Primarily AFTER observers were withdrawn prior to the attacks, exactly as intelligence had predicted. And despite claims to the contrary, Milosevic was willing to accept peacekeepers, which would have prevented that violence.
And oh, that's right, about a thousand bodies have been found in Serbia where Milosevic's henchmen tried to hide them from the forensic teams - the number 10,000 still stands as the best estimate for K-Albanians killed by Serbs because the Serbs have never come clean as to what their Army and Paramilitaries did with their victims.
And we have the many atrocities and provocations of the Albanians against the Serbs, which continued after the intervention to the point where there are very few Serbs left in Kosovo today. So this was a nasty little civil war, but Clinton and Blair intervened on one side, using lies and exaggerations to justify intervention into what was essential a low-grade conflict.
Stop
End
No further debate is possible without lying, so spare yourself the indignity of travelling down that well worn path.

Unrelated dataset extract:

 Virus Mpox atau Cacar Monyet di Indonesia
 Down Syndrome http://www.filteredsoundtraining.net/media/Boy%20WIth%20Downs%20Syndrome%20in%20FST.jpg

We do have many atrocities and crimes agains the Serbs, but they are outweighed by those carried out by the Serbs under Slobo.
Pragmatism is a bitch, isn't it?
Nice try, but we've dealt with your B.S. before, it's just drier now. The historical evidence is quite clear - Kosovo was a low-grade civil war made worse, not better, by intervention. You can impress yourself all you want here, but you're an audience of one (maybe two if Torie is lurking about).
Yes, and always as effectively as you just have here - by retreating into demonstrably false dogma.
Get a clue already - it was all "Everything's gonna change once Clinton's gone" wasn't it?
But as far as our Balkan policy, nothing's really changed, has it?
Think you can figure that one out Sparky?